Na semana do 13 de Maio e da caramelização dos mais recentes santos portugueses, Francisco e Jacinta Marto e Cristiana Pacheco (respetivamente: dois dos videntes de Fátima e a futura padroeira do iogurte grego vendido a preço reduzido por se aproximar o fim do prazo de validade), a laica república portuguesa concederá aos cidadãos funcionários públicos a tolerância de ponto que lhes permitirá participarem nas celebrações ou, simplesmente, embebedarem-se na noite anterior e dormirem até às três da tarde. Mas as benesses da visita de Francisco não se ficam por aí. A lista que se segue foi devidamente aprovada pelos serviços de reprografia da diocese de Leiria-Fátima e abençoada com o toque de uma colher de inox usada numa ocasião pela Irmã Lúcia para tomar um xarope contra alucinações.
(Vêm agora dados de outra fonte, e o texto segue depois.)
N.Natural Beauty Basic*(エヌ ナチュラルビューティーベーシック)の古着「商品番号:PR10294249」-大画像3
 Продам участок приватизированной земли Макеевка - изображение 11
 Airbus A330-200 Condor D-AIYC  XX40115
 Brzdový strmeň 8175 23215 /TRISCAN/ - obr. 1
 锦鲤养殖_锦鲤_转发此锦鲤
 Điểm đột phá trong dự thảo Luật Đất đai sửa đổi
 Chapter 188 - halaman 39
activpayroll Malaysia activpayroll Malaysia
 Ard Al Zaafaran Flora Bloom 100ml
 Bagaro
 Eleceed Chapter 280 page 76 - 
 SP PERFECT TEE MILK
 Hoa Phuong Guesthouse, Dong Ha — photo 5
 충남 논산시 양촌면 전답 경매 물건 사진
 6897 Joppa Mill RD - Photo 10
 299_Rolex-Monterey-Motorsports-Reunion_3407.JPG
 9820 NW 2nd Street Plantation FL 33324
No dia 12 de maio, os portugueses estão autorizados por decreto governamental a:

-Presenciar aparições de Nossa Senhora, Jesus Cristo, Mefistófeles, Buda, Maomé, Xiva, do panda Tao-Tao ou de qualquer outra entidade mística da sua preferência, sem receio de internamento psiquiátrico, estigma social, cobertura jornalística da CMTV ou outras represálias de menor gravidade.

-Ocupar faixas de rodagem para dançar o tango como homenagem à Argentina natal do pontífice.

-Escrever segündo régras de hortographya peróprrias.

-Tratar o Presidente da República por Celinho.

-Batizar filhos com nomes habitualmente proibidos. Exemplos/sugestões: Rambo, Hello Kitty, Interdemilão, Daenerys, Sandra, Hélio Cóptero.

-Usar cianeto como tempero sem morrer.

-Atirar produtos hortícolas variados à cabeça de Pedro Passos Coelho. O arremesso de qualquer outro objeto ou a escolha de qualquer outra parte do corpo como alvo será exemplarmente punida com açoites nas nádegas de Vítor Gaspar.

-Não puxar o autoclismo.

-Cantar a letra do hino nacional ao som do imortal êxito pimba-beato Homem Vestido de Branco, de Dino Meira.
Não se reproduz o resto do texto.